§ **What the task requires**
The line containing "300250 PACIFIER BIBS SAGE 18+ (L)" marks the end; return exactly every line from the start of the records up to and including it, but no pictures.

§ **Data for this task**
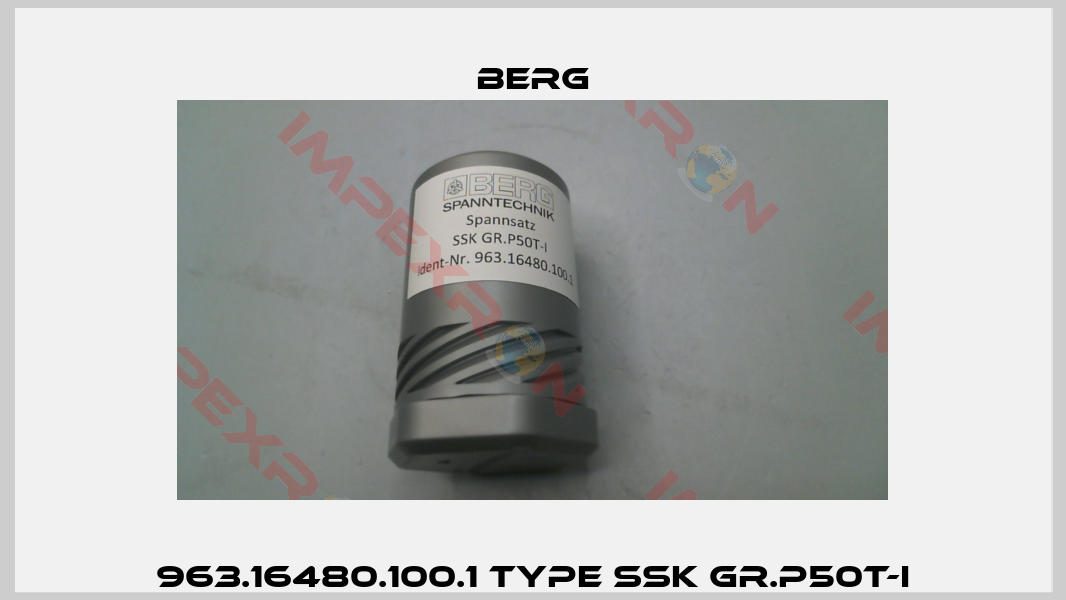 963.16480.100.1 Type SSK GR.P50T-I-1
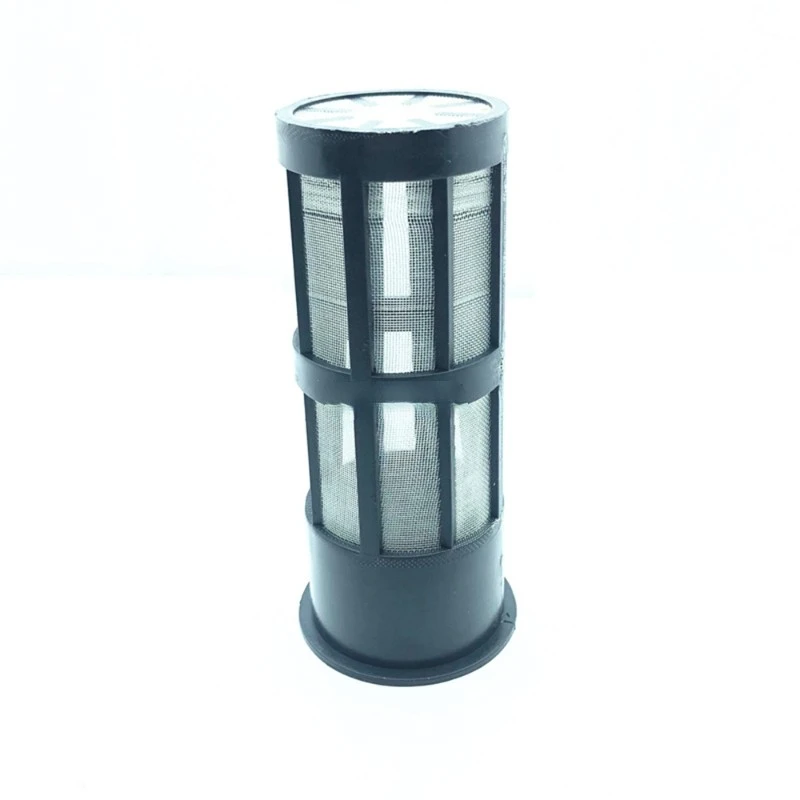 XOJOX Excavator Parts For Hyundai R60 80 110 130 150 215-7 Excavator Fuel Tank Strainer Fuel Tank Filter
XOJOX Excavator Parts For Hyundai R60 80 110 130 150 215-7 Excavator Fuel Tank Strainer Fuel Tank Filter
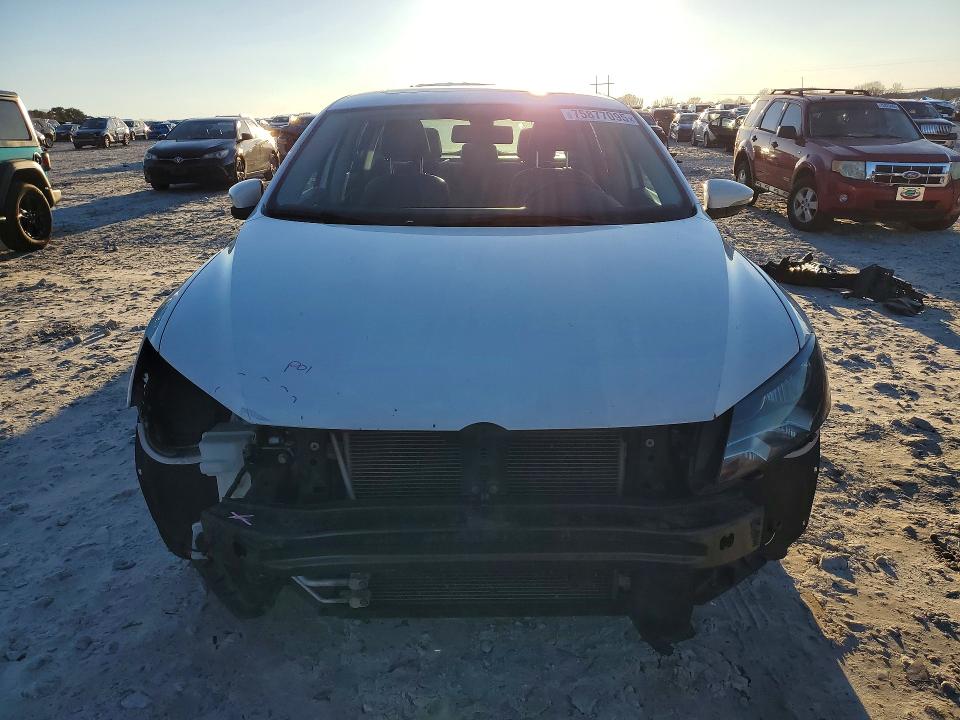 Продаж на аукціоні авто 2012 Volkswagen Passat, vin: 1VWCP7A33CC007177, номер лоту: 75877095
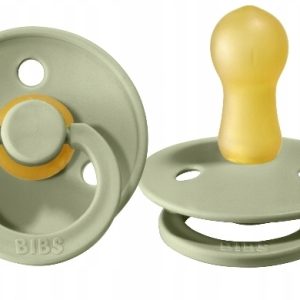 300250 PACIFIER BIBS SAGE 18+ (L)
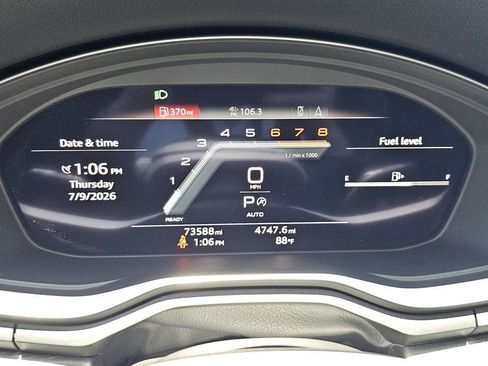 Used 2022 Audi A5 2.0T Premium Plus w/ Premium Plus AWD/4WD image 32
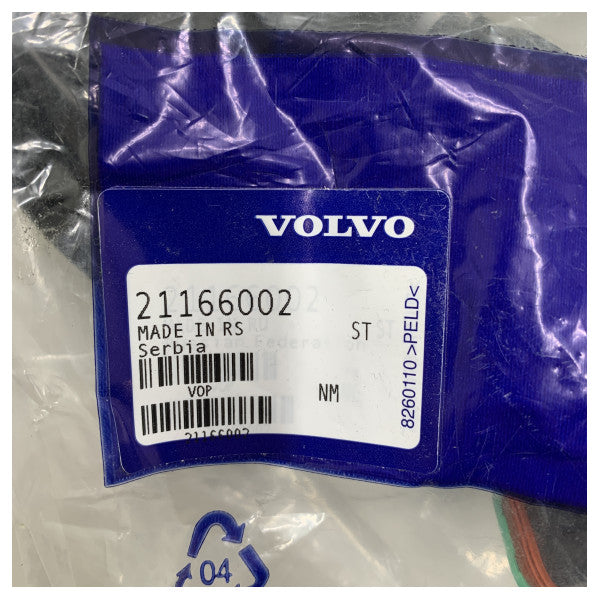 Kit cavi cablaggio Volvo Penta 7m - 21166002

§ **Final answer**
 963.16480.100.1 Type SSK GR.P50T-I-1
 XOJOX Excavator Parts For Hyundai R60 80 110 130 150 215-7 Excavator Fuel Tank Strainer Fuel Tank Filter
XOJOX Excavator Parts For Hyundai R60 80 110 130 150 215-7 Excavator Fuel Tank Strainer Fuel Tank Filter
 Продаж на аукціоні авто 2012 Volkswagen Passat, vin: 1VWCP7A33CC007177, номер лоту: 75877095
 300250 PACIFIER BIBS SAGE 18+ (L)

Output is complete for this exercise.